Más de una vez he escrito que para entender lo que está sucediendo en los Balcanes hay que leer «Un puente sobre el Drina» y «Crónica de Travnik». Ahora se publica un nuevo libro (para el lector español) de Andric, un delgado volumen que reúne varios textos breves (el más largo, el que le da título): Café Titanic (y otras historias). Y abriéndolo y leyéndolo, el lector habituado a Andric se sorprende, pues no encuentra la épica de sus grandes novelas ni el colorismo de los cuentos de «El lugar maldito». Más bien, el aspecto de los cuentos de «Café Titanic» es incoloro e intimista. Abre la colección la descripción del cementerio judío de Sarajevo, un texto melancólico y poético, sin ningún atisbo narrativo; le sigue una estampa bíblica, David decapitando a Goliat, y, al fin, en el tercer texto, «Amor en la ciudad», aparecen elementos de sus grandes novelas: un puente, el río, el ambiente asfixiante, personajes separados por su etnia y su religión. El desarrollo del cuento es poético, el episodio central trágico, la solución del oficial enamorado satisfactoria para él y, al cabo, la vida sigue igual. El problema de las relaciones con los judíos se plantea también en «Niños» y en «Café Titanic», un cuento desolado como el café que describe, con personajes grotescos, en el que se explica muy bien cómo un miserable pobre diablo da en fascista por resentimiento y desprecio hacia sí mismo. El «ustacha» de uniforme que va a amedrentar al judío no menos pobre diablo que él es ese tipo de guiñapo que se crece con un uniforme y una pistola, y a quien los de mi generación tuvimos oportunidad de percibir. «Palabras» es un cuento emocionante sobre la comunicación por el silencio. Un matrimonio lleva treinta años sin hablar y cuando el marido está a punto de morir, le pide a la mujer que le hable. El episodio está narrado con sencillez y contención.

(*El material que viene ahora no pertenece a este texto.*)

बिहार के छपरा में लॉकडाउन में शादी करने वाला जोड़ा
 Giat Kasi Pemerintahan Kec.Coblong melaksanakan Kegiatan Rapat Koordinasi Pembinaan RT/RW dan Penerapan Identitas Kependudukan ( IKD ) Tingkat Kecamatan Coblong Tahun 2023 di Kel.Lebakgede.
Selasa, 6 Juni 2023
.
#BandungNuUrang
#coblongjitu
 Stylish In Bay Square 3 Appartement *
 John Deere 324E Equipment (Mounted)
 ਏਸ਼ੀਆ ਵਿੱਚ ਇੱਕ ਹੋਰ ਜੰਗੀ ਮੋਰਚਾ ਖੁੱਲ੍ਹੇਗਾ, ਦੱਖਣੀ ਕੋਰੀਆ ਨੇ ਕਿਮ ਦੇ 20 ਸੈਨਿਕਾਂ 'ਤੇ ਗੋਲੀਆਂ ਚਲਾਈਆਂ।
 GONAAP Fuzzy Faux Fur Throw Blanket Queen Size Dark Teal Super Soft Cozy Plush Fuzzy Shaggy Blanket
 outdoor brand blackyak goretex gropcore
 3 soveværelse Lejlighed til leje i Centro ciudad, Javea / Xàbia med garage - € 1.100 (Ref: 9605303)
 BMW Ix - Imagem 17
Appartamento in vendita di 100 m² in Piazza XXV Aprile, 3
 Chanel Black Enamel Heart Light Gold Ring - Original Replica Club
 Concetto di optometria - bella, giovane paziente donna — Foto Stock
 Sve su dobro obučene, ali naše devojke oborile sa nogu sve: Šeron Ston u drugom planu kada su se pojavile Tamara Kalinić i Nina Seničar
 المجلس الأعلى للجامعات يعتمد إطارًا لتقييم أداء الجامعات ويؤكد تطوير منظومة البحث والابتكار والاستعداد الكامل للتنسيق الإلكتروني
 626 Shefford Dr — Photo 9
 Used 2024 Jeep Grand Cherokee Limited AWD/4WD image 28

«Una carta de 1920», en fin, plantea de nuevo el problema central de la obra de Andric. Dos antiguos condiscípulos naturales de Sarajevo se encuentran en una estación de ferrocarril atestada, poco después de terminada la Gran Guerra. Conversan sobre el lamentable aspecto de su país, sobre su confusión y desesperanza, sobre los intelectuales resentidos que no encontraron «ni la capacidad de reconciliarse y adaptarse, ni la fuerza para tomar grandes decisiones en contra de lo establecido». A pesar de sus buenas cualidades, «Bosnia es tierra de odio». Los hombres incluso se guían por relojes diferentes, según sean ortodoxos, católicos, judíos o musulmanes. «Y esta diferencia, a veces de manera evidente y abierta, a veces invisible y solapada, es siempre parecida al odio y a veces se identifica con él». Se trata de una seria y terrible inquietud europea: la de una tierra en la que hasta el reloj de la iglesia da una hora diferente de la sinagoga o la mezquita.